• _WHAT THE TASK ASKS_
Repeat every entry word for word. Images do not belong in the copy.

• _EXCERPTED RECORDS_

* * * * *

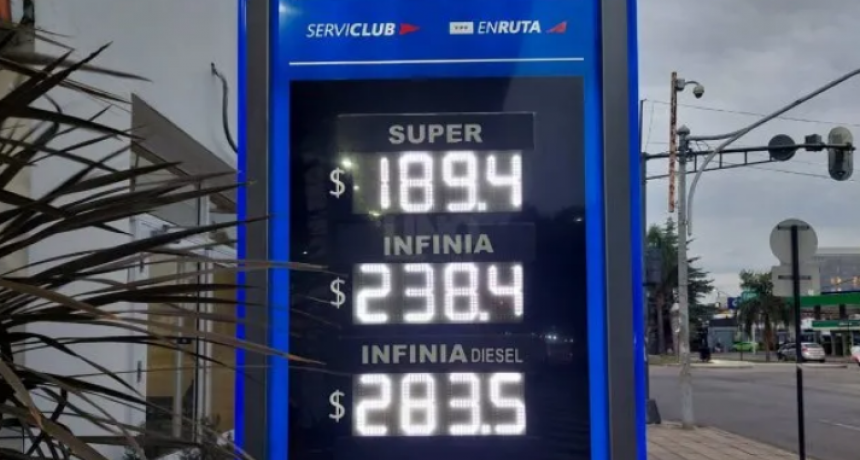 YPF y Axion tambi&eacute;n aumentaron sus combustibles: los precios en Santa Fe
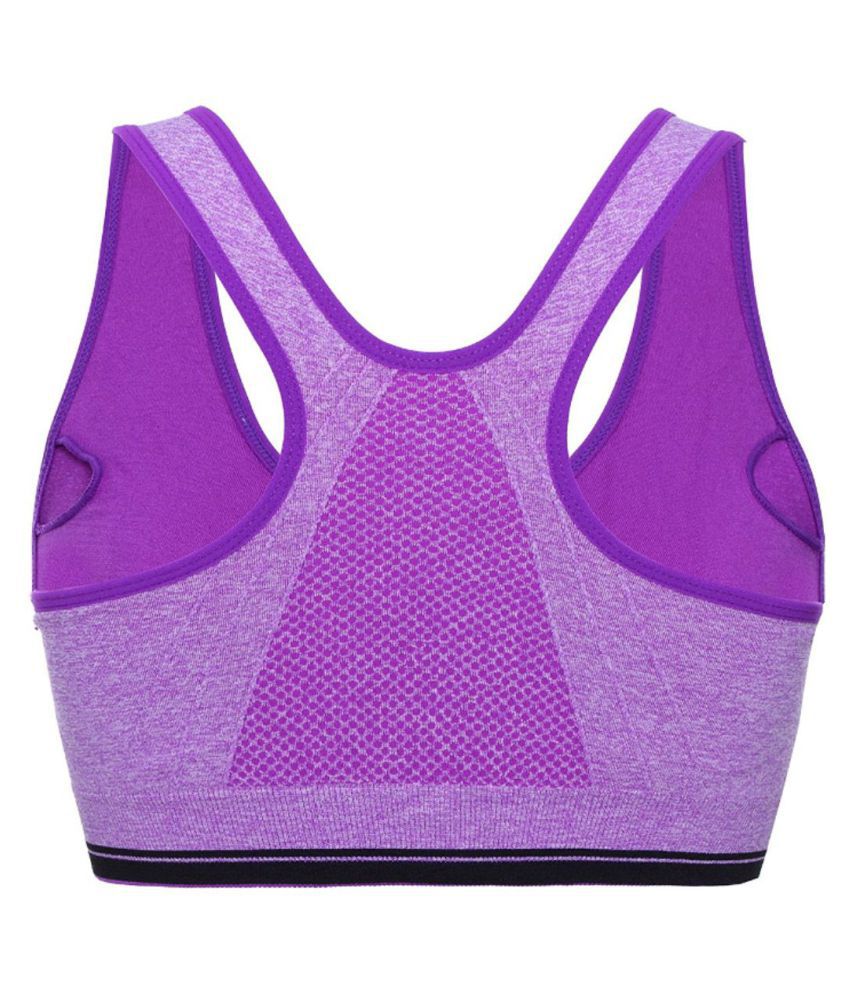 Buy Galani Cotton Sports Bra - Purple Online at Best Prices in India ...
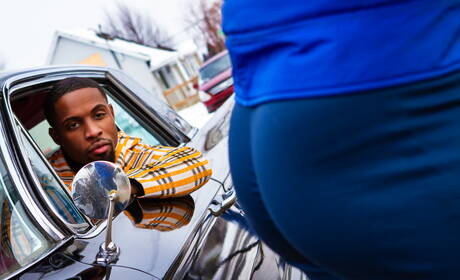 River, Ricky, Matthew, DeAngelo in hot interracial groupsex outdoor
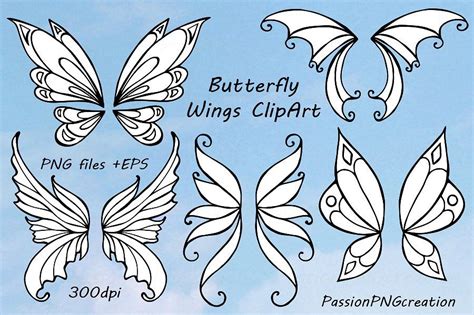 Butterfly Wings Clipart Butterfly Wings Wings Drawing Butterfly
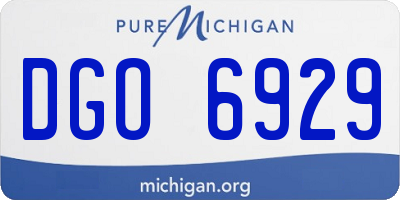 MI license plate DGO6929
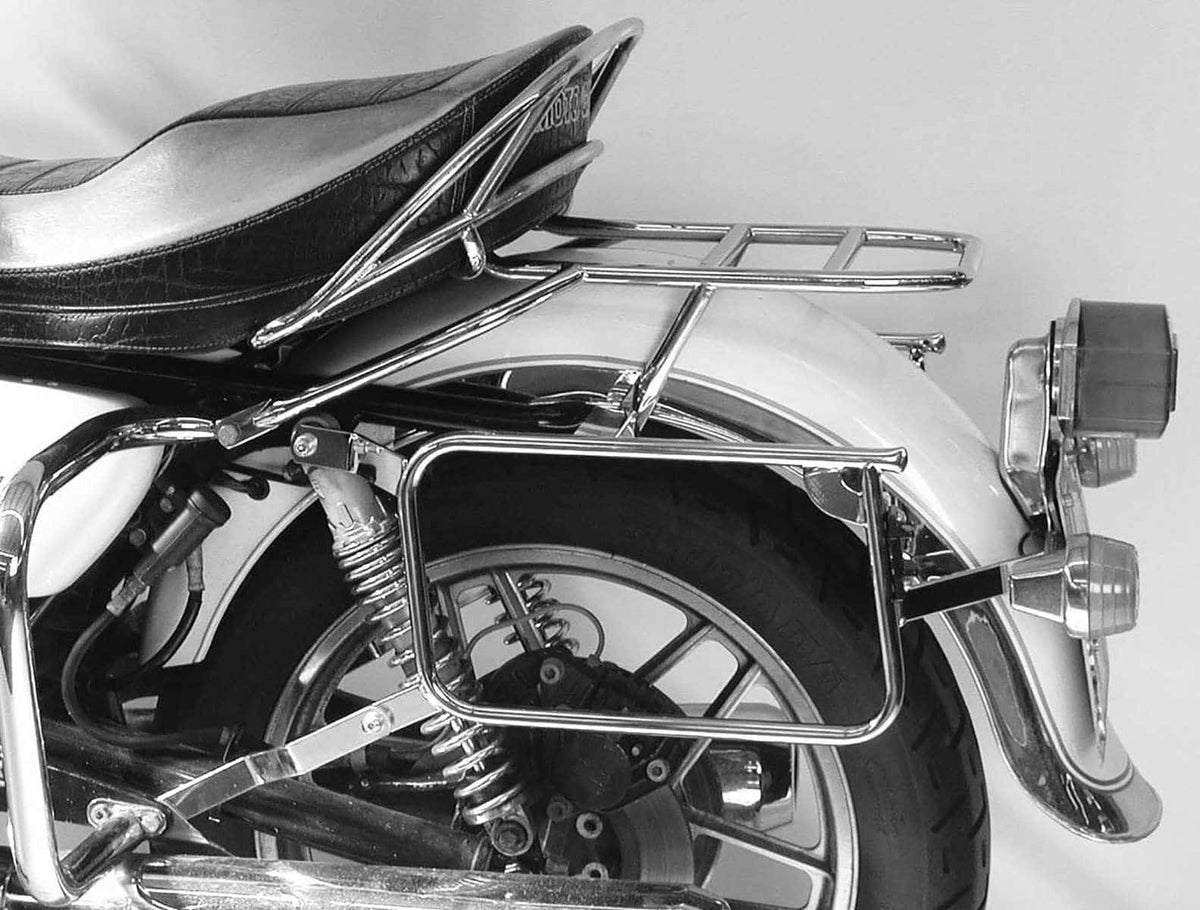 Hepco & Becker Sidecarrier permanent mounted chrome for Moto Guzzi California 1000 II (1982-1988)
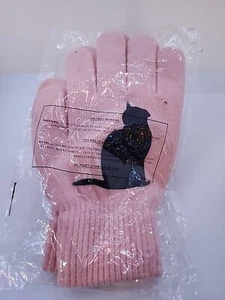 New Cat Fan Cotton Gloves Cat Bird Print Gloves Cute Pink Simple Mittens - Picture 1 of 5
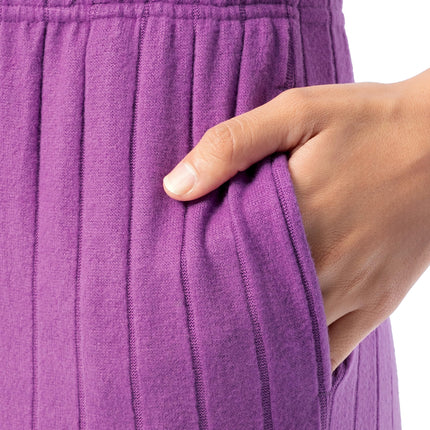 Fruit of the Loom womens Dolman Sleeve and Cropped Pant Sleep Set, Fuchsia, 4XL Plus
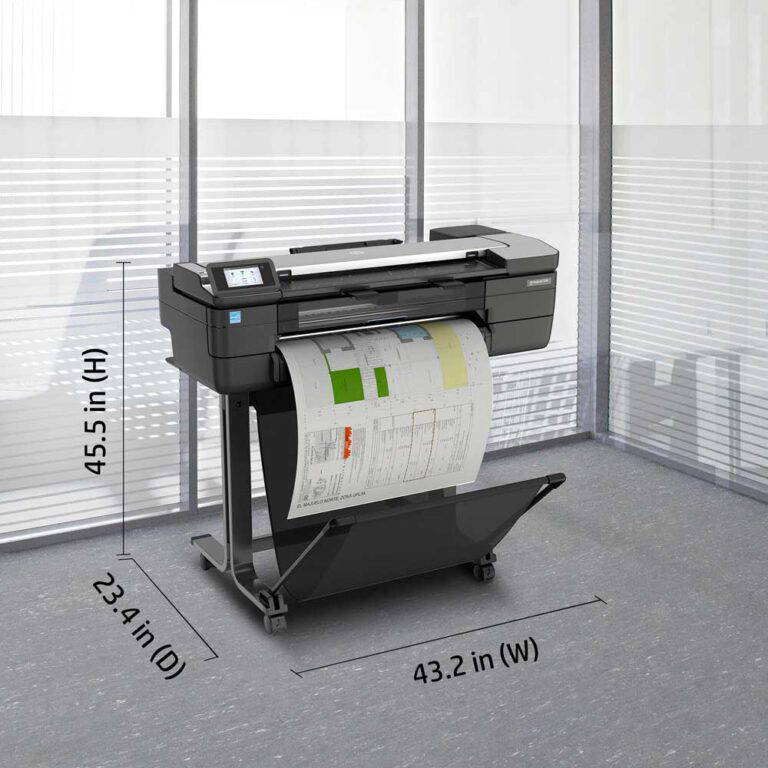 HP DesignJet T830 24in Product Dimension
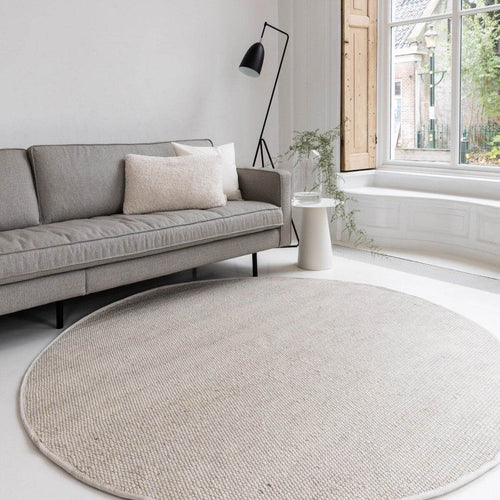 Interieur05 Rond Wollen Vloerkleed Ivoor wit Vik - 200 x 200 cm - vtwonen shop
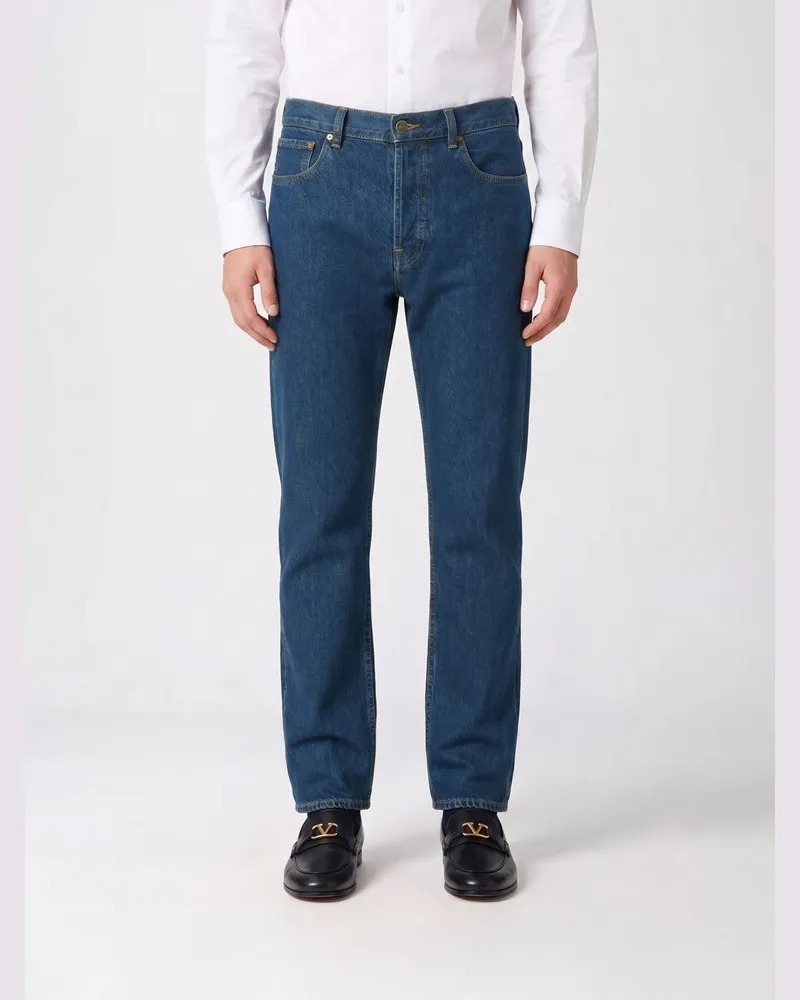 Valentino Garavani Straight-Fit-Jeans aus Baumwolldenim Blau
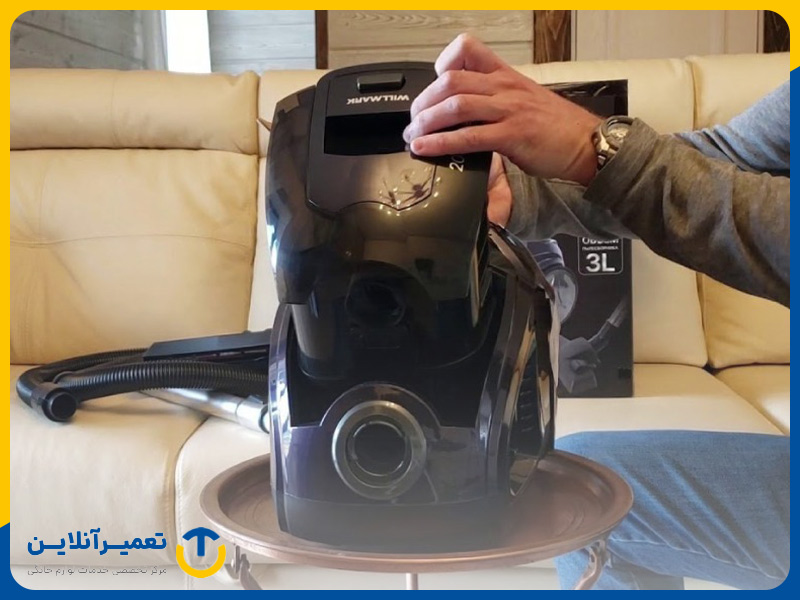 بهبود عملکرد دستگاه با تعویض فیلتر جاروبرقی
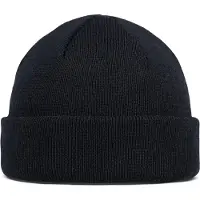 Buff - Knitted Beanie Lilon Fisherman - Muts One Size, zwart
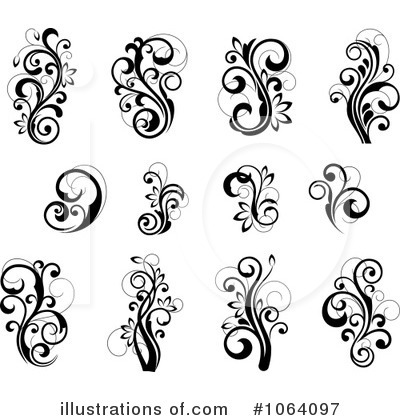 Royalty-Free (RF) Flourish Clipart Illustration by Vector Tradition SM - Stock Sample #1064097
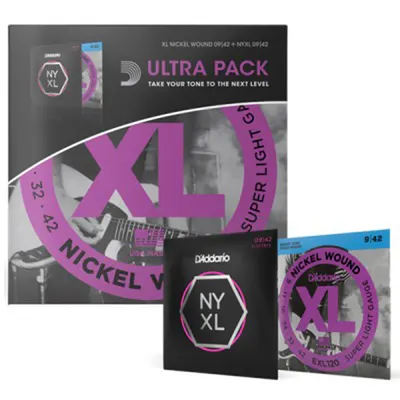 Daddario Ultra Pack 일렉기타 스트링 패키지 EXL120+NYXL0942 [009-042]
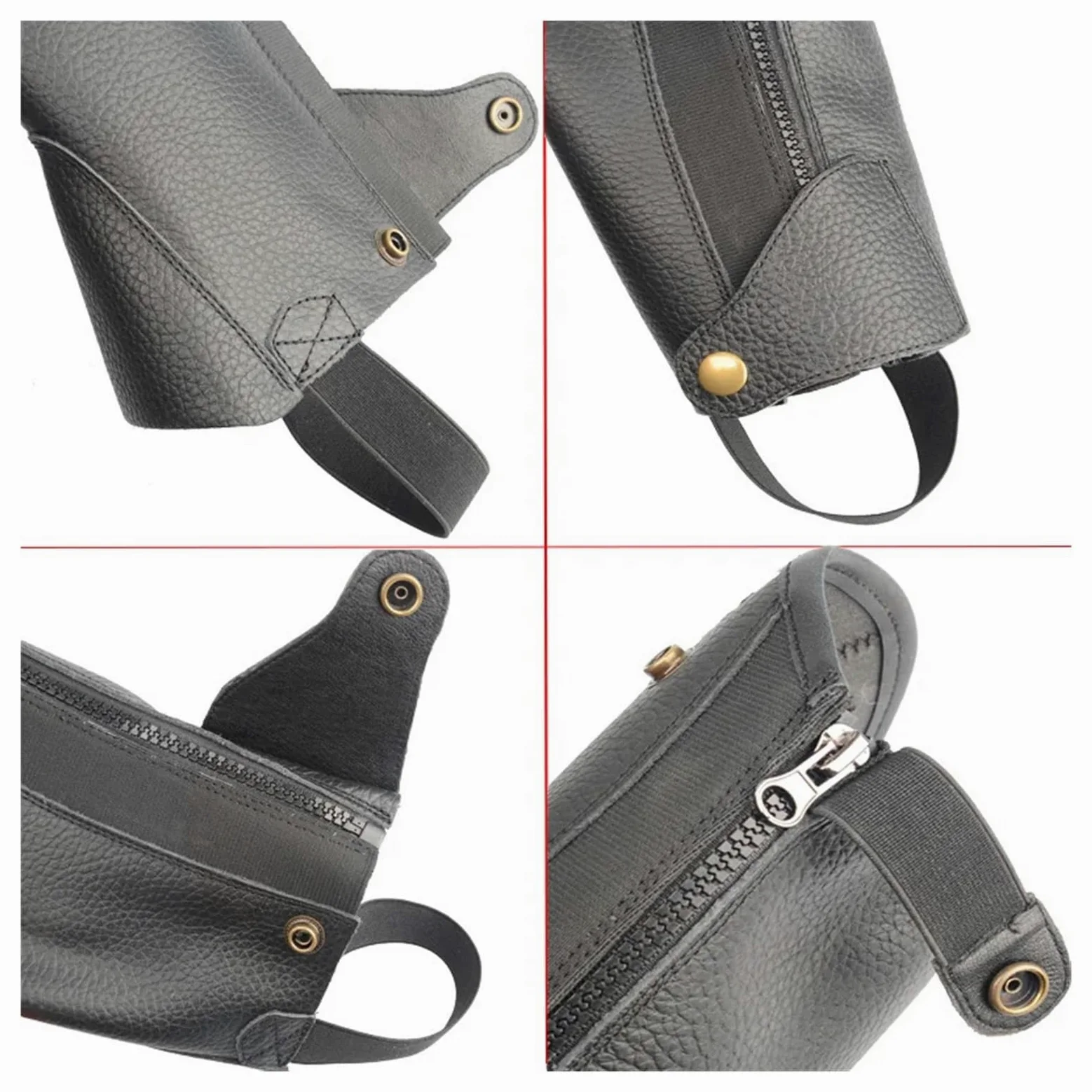 Media CañA EquitacióN Polainas ecuestres de microfibra for botas montar a caballo, protectores corporales, equipo protección suave for caballos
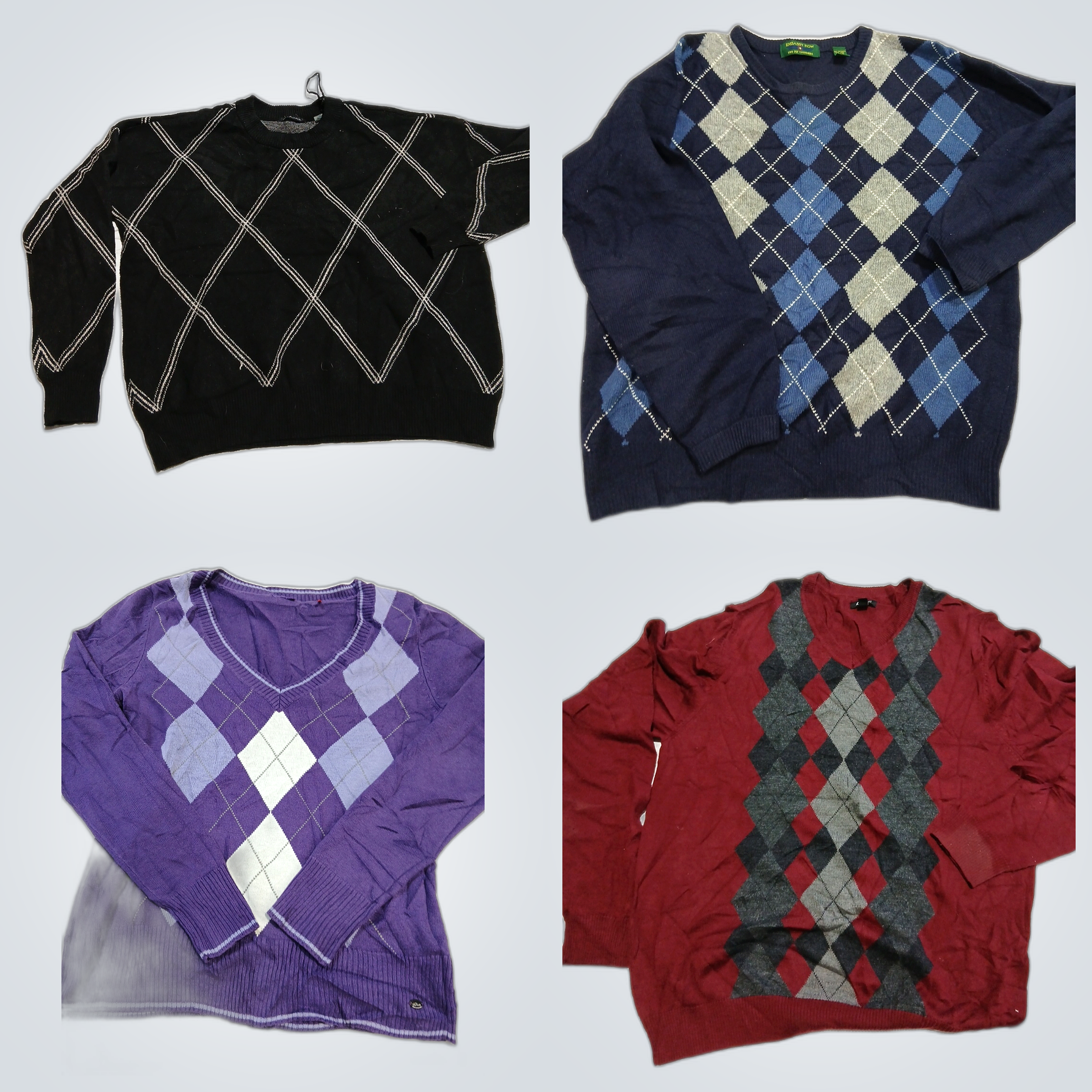Argyle Sweater Bundle - Tahar, Embassy Row, Docker..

* * * * *

• _ANSWER SPACE_
 YPF y Axion tambi&eacute;n aumentaron sus combustibles: los precios en Santa Fe
 Buy Galani Cotton Sports Bra - Purple Online at Best Prices in India ...
 River, Ricky, Matthew, DeAngelo in hot interracial groupsex outdoor
 Butterfly Wings Clipart Butterfly Wings Wings Drawing Butterfly
 MI license plate DGO6929
 Hepco & Becker Sidecarrier permanent mounted chrome for Moto Guzzi California 1000 II (1982-1988)
 New Cat Fan Cotton Gloves Cat Bird Print Gloves Cute Pink Simple Mittens - Picture 1 of 5
 Fruit of the Loom womens Dolman Sleeve and Cropped Pant Sleep Set, Fuchsia, 4XL Plus
 HP DesignJet T830 24in Product Dimension
 Interieur05 Rond Wollen Vloerkleed Ivoor wit Vik - 200 x 200 cm - vtwonen shop
 Valentino Garavani Straight-Fit-Jeans aus Baumwolldenim Blau
 بهبود عملکرد دستگاه با تعویض فیلتر جاروبرقی
 Buff - Knitted Beanie Lilon Fisherman - Muts One Size, zwart
 Royalty-Free (RF) Flourish Clipart Illustration by Vector Tradition SM - Stock Sample #1064097
 Daddario Ultra Pack 일렉기타 스트링 패키지 EXL120+NYXL0942 [009-042]
 Media CañA EquitacióN Polainas ecuestres de microfibra for botas montar a caballo, protectores corporales, equipo protección suave for caballos
Argyle Sweater Bundle - Tahar, Embassy Row, Docker..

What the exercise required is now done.